Read the records and gather each line that includes "Villa".

Caption-style text data
=== Section Start ===

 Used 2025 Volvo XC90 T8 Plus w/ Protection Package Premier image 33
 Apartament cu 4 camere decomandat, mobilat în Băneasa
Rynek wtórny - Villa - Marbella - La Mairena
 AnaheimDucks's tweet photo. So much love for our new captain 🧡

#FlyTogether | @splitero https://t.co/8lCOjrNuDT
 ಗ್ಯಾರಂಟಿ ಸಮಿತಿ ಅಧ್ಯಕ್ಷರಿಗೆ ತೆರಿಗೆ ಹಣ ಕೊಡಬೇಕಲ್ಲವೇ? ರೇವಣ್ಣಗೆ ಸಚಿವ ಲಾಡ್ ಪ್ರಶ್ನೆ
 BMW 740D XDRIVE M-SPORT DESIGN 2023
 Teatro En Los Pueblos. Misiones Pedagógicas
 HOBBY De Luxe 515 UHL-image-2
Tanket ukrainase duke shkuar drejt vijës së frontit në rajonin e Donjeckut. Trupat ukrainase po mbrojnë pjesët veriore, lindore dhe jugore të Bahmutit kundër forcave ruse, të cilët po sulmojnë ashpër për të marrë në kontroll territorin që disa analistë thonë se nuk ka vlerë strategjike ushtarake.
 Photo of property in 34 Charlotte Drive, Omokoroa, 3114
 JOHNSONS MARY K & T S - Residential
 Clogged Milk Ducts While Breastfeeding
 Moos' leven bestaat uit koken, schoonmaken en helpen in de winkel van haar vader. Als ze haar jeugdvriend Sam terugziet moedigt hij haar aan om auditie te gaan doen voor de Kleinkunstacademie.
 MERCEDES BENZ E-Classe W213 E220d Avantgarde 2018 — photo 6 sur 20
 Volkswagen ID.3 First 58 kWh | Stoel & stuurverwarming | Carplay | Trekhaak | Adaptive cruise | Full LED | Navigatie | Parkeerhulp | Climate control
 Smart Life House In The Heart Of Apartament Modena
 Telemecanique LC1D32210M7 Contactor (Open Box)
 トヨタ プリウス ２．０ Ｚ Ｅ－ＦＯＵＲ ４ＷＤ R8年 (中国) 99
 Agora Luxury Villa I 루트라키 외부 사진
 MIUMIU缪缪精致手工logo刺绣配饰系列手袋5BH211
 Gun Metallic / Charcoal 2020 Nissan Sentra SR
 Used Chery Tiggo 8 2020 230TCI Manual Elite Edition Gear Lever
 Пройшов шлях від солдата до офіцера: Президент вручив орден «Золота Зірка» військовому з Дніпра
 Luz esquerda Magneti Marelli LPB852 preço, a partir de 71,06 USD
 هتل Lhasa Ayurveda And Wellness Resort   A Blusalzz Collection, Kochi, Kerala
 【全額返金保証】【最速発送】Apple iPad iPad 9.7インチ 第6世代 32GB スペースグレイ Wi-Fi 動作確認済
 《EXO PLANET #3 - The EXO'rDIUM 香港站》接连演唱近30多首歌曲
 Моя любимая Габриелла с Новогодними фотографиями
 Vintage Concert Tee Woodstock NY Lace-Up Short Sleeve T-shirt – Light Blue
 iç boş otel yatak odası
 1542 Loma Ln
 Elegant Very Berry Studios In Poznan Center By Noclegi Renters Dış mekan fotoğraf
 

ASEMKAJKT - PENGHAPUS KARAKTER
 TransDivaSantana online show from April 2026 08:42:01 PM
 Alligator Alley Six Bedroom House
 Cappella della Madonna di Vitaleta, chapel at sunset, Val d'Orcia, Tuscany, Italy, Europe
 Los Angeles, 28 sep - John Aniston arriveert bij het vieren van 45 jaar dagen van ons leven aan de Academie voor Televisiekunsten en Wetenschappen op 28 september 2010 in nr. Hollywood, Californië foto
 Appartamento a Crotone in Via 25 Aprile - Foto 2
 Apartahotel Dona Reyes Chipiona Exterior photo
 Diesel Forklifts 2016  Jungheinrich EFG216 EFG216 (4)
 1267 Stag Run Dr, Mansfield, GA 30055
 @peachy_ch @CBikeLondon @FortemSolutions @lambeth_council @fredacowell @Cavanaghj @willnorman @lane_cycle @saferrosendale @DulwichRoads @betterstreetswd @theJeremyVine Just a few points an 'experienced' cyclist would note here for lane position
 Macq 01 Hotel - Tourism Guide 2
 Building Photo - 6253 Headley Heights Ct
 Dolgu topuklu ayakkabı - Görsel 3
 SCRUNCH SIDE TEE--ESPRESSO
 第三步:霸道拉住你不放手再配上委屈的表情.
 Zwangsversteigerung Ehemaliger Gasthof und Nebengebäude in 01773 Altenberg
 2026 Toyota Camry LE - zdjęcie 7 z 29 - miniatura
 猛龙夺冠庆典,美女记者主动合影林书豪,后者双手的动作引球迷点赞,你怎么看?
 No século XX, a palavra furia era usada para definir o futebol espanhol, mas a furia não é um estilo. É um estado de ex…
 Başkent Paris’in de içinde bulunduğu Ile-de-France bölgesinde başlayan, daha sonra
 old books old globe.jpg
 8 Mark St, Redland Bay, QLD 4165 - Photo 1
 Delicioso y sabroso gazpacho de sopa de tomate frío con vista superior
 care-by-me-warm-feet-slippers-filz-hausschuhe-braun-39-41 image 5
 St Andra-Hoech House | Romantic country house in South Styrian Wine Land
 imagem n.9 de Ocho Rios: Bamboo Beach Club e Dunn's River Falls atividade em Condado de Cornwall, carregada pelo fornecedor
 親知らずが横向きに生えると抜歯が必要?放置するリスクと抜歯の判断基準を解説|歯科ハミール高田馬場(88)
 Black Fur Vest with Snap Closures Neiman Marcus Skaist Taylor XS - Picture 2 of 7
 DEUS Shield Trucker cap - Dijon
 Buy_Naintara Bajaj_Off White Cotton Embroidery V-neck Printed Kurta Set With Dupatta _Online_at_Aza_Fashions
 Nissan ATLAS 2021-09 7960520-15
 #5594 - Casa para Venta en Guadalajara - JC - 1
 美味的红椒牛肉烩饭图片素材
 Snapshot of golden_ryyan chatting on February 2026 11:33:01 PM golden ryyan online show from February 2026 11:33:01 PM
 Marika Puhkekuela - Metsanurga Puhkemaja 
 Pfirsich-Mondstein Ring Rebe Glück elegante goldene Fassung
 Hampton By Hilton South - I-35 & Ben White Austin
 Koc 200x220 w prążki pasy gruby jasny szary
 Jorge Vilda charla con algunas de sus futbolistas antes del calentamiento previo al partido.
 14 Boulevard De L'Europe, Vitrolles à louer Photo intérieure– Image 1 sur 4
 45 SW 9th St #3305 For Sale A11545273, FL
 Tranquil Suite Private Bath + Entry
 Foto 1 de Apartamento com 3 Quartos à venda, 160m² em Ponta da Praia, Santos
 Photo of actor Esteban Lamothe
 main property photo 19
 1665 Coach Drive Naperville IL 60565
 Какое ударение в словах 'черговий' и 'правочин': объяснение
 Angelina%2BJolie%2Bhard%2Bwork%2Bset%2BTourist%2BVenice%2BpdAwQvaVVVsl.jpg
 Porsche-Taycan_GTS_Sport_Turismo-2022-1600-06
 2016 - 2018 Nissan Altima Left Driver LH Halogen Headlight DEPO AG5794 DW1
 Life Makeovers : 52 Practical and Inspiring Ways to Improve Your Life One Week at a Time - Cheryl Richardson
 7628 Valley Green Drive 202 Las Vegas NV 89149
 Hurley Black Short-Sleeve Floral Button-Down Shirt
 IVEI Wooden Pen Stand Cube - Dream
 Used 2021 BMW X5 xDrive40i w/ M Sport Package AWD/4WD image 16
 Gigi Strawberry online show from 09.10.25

=== Section End ===

== Answer to the problem ==
Rynek wtórny - Villa - Marbella - La Mairena
 Agora Luxury Villa I 루트라키 외부 사진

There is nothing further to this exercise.